Мифологизация знаточества. Инверсия понятий знаток и дилетант. В истории искусства существует ироничное определение «критик-персонаж». Его связывают с одним из загадочных рисунков П. Брейгеля Старшего, условно названным «Художник и знаток» (рис. 6). На рисунке изображены две фигуры – одна из них явно представляет художника, вторая – человека в очках, весьма комично придерживающего правой рукой кошелек у пояса. По концепции Шарля де Тольная (1925), рисунок представляет собой дружеский шарж, или ироничный автопортрет, либо обобщенный образ собрата по профессии, замаскированного под покупателя. Н. М. Гершензон-Чегодаева в монографии о Брейгеле подчеркивала, что в рисунке «до крайности обострен контраст между физическими и духовными обликами двух изображенных персонажей: художника с кистью в руке и знатока, который, взирая на невидимую для зрителя картину, опускает руку в кошель с деньгами». Очевидно, что Брейгель, – продолжает автор монографии, – вложил в этот рисунок «какое-то обобщающее, глубокое философское содержание, далеко перерастающее рамки той жизненной коллизии, которая составляет его сюжетную канву» [23]. Очки на носу «знатока» подчеркивают именно такой смысл. Однако сопоставлением зоркости, сосредоточенности художника и слепоты случайного зрителя не исчерпывается смысл рисунка. Во второй фигуре логично видеть заказчика либо самонадеянного критика, а также олицетворение глупости, непонимания и близорукости. Возможна и такая интерпретация: нелепая и смешная восторженность критика не соответствует тому, что делает художник.

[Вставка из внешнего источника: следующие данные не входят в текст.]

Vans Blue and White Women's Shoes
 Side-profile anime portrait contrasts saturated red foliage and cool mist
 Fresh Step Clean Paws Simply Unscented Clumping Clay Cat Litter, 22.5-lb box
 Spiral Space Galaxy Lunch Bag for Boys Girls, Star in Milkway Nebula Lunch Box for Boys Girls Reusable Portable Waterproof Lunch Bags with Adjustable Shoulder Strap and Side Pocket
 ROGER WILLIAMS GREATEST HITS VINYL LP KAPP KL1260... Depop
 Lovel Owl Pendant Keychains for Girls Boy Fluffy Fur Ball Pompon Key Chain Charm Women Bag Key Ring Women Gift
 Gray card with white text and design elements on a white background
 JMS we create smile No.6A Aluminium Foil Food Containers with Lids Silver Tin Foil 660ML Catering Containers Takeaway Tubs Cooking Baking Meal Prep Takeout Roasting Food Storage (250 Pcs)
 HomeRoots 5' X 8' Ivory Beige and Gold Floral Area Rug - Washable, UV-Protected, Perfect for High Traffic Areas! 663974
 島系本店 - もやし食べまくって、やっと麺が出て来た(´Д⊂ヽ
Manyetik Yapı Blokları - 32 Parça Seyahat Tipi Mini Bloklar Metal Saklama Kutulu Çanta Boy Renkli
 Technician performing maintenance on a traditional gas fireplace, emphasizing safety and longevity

Рис. 6. П. Брейгель Старший. Художник и знаток. Около 1565 г. Бумага, чернила, перо. Вена, Альбертина. Источник: https://regnum.ru/pictures/2177686/3.html

В наше время зритель вынужден доверять посреднику – критику. Но в этом кроется опасность. Критик, являясь дилетантом по отношению к искусству, вынужден объяснять, где истинная ценность, а где обман, чем отличается удача художника от неудачи. При этом соблазн ангажированности и тенденциозности критика слишком велик. О. Э. Мандельштам писал о «критике, вскормленном читателем» [24]. Неискренний критик или заблуждающийся консультант подобен подкупленному судье или преступному хирургу. Последствием, кроме морального, может быть и значительный материальный урон. Это показывает практика аукционной торговли произведениями актуального искусства.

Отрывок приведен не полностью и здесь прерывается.